悲しいお知らせ - しかしローマは「フクシマ」を忘れない
ルイジ・モリナリ名誉会長 逝去
3.11「東日本大震災」被災者のために祈る会(ローマ)
在りし日のルイジ・モリナリ権司教
私は去る10月24日にローマを発って成田に向かった。その二日前、モリナリ名誉会長が入院したと知った。虫の知らせか、これは発つ前に絶対に見舞わねばならないと感じて、無理に時間を作って23日の夕暮れに病院に駆け付けた。
日本の明るいきれいな普通の病院にくらべて、天井だけはバカに高いが、思ったより質素な暗い石造りの病室に横たわっていたモリナリ師は、意識ははっきり、目は澄み切っていたが、肉体はすでに天国への旅立ちに備えているように見受けられた。
私の顔を見るなり、“Ekuko” は大丈夫だったか?と聞かれた。どんなに横山さんの手術を気遣い、一心に神に祈っておられたか、師の強い思いが伝わってきた。手術は成功したが、その後の困難な状況について報告すると、師は心配げに聞き入っておられた。
手を握りしめて、明日私は東京に発つが3週間後には戻るから、また見舞いに来ますね、と言って別れた。曖昧に微笑んだ彼の肌は蝋のようで、青白かった。その日、私はカメラを持っていなかったので、ここに彼の写真はない。
11月16日の夜ミラノ経由でローマに着いた。明けて17日は知人の夫の葬儀の司式を頼まれていた。その出棺を見送ってほっとしたところに、モリナリ師は昨日亡くなった、というショッキングな報せが届いた。
葬儀は18日聖ペトロ大聖堂の脇祭壇の一つ、5世紀初頭の偉大な聖ヨハネ・クリゾストモの墓の前で行われた。(私はこの聖人はコンスタンチノープルに葬られているものとばかり思っていたが・・・)脇祭壇といっても半端な大きさではない。モンセニョール(権司教)ともなれば、司式は枢機卿。司教たちや司祭たちが共同司式した。参列者は大聖堂の側廊にまであふれた。

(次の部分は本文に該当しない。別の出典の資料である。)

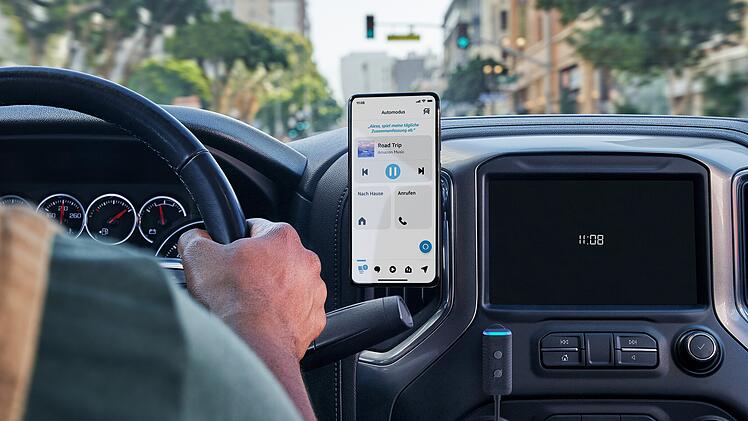 Mit Echo Auto lassen sich Inhalte abspielen, das Smart Home steuern und vieles mehr.
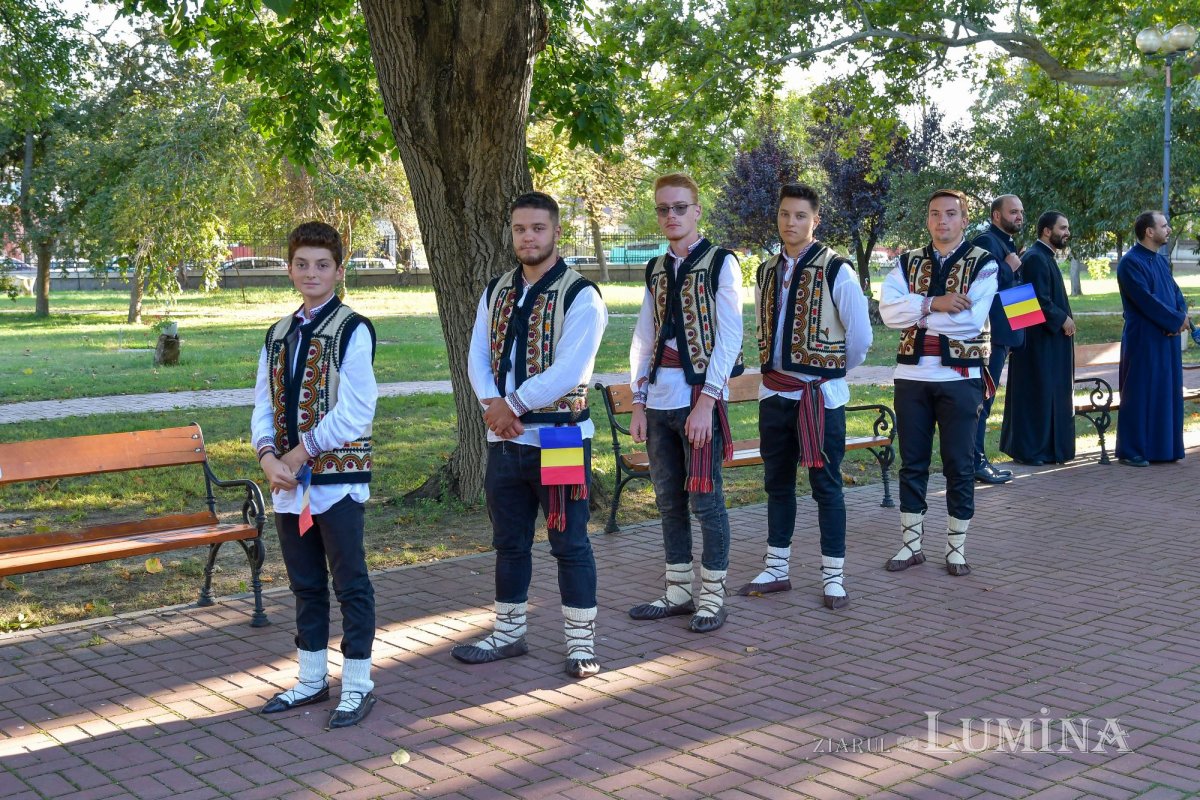 Osemintele Episcopului Nifon Niculescu purtate în procesiune la ceas de seară 185365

聖ペトロ大聖堂の両側にたくさん並ぶ脇チャペルの一つがこの大きさだ。大聖堂全体がいかに巨大かがよくわかる
床の絨毯に上に直におかれた棺には花は添えられていない
棺の上の名盤から師が95歳で永眠されたことがわかる
このモリナリ師の葬儀の日の夜、私は長いメールを受け取った。
そこには、ローマの有志の皆さんが、恵久子さんの支援のために募金に立ち上がったことが記されていた。
モリナリ師の最後の置き土産のような気がした。 私のブログが一つの引き金になったそうだ。

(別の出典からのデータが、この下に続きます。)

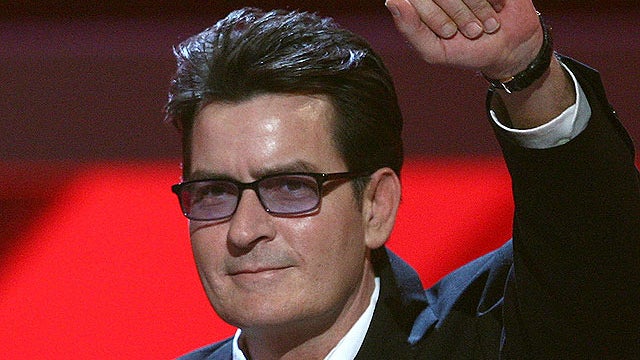 charlie_sheen_86039110.jpg 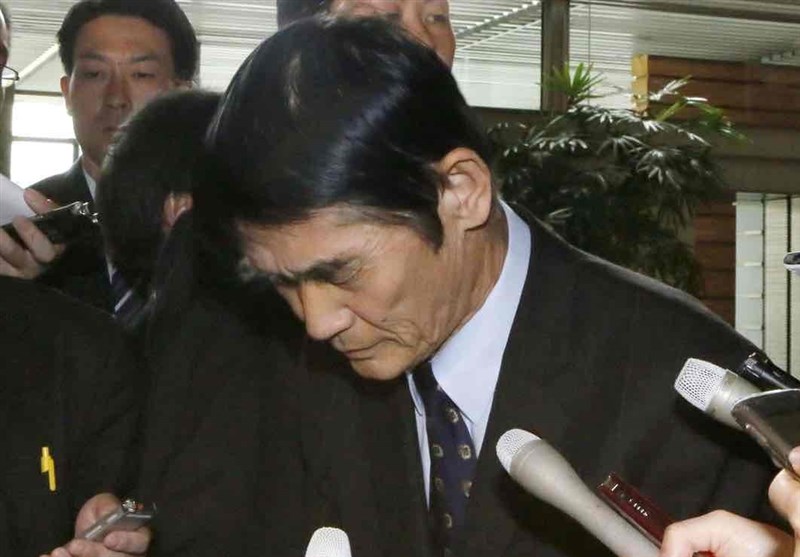 استعفا و عذرخواهی وزیر ژاپنی مقابل رسانه‌ها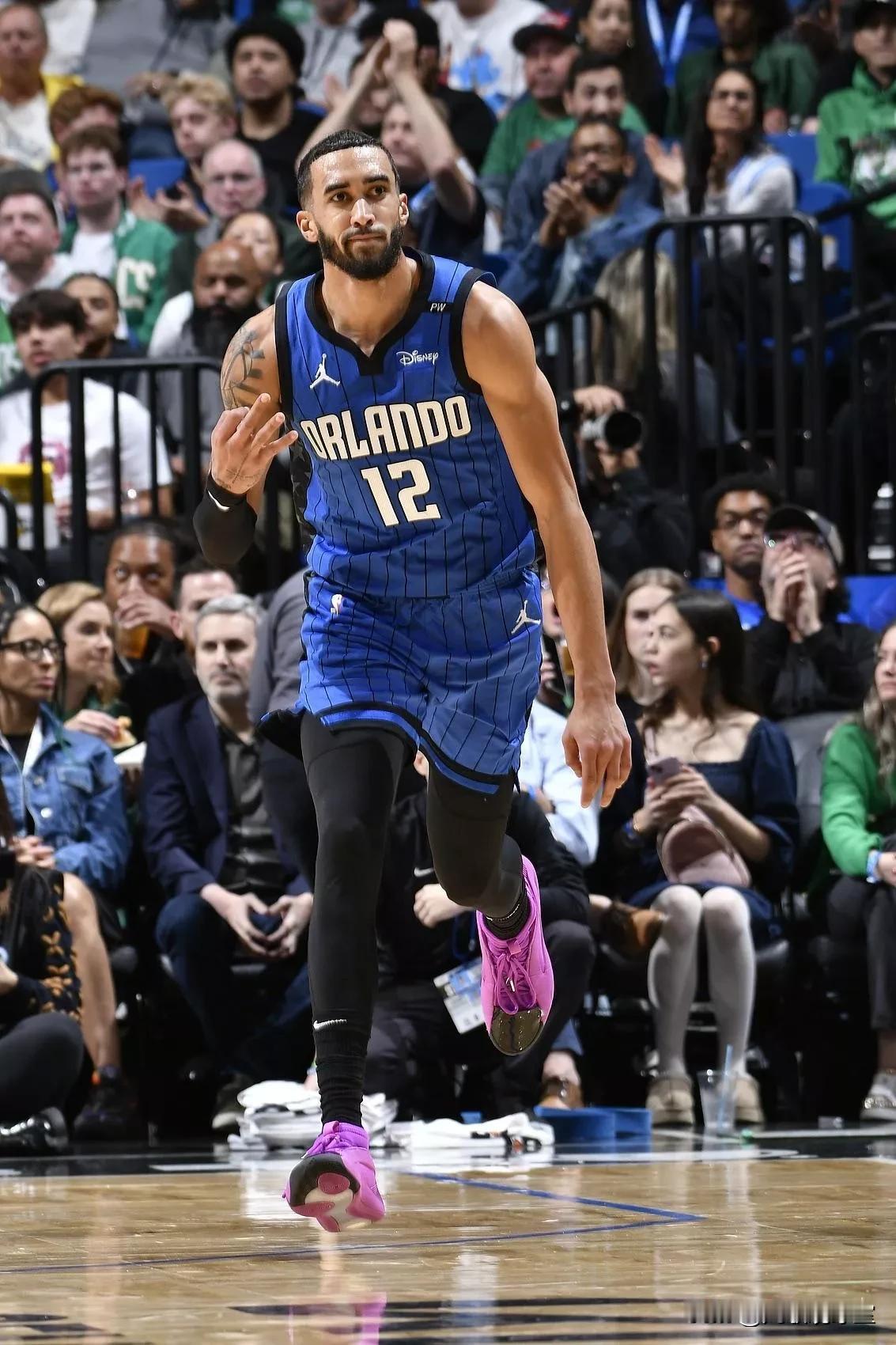 前NBA奥兰多魔术球员特雷韦林.奎因口头承诺加盟广东，对比辽宁签约的常年混迹于土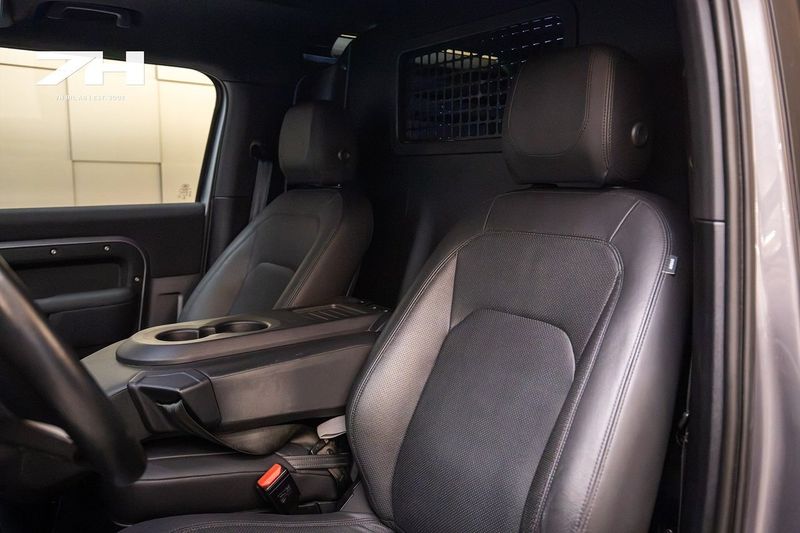 Land Rover Defender bild 15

ああ、ローマにはやはり理解者たちがいた、と胸が熱くなった。
送金手数料がバカにならないので、私がその貴重な募金の運び屋の役を仰せつかることになった。
サンタリタの教会の主任司祭だったモリナリ師は、毎年三月に3.11追悼のミサを執り行った
2014年3月の追悼ミサでは私も共同司式をした
今年の追悼ミサのあとではコンサートも開かれた NHKのユーチューブ
動画を見るには真ん中の赤い窓の中の白い△をクリックする
モリナリ師は逝っても、ローマは「フクシマ」のことを、そして恵久子さんのことを決して忘れない。
3.11「祈る会」が恵久子さんに贈った表彰状 6人のボランティアーに贈った表彰状
《 3.11「東日本大震災」被災者のために祈る会(ローマ)》は、「名誉会長」モリナリ師亡き後、「会長」平山高明司教(90歳)によって引き継がれることになるだろう。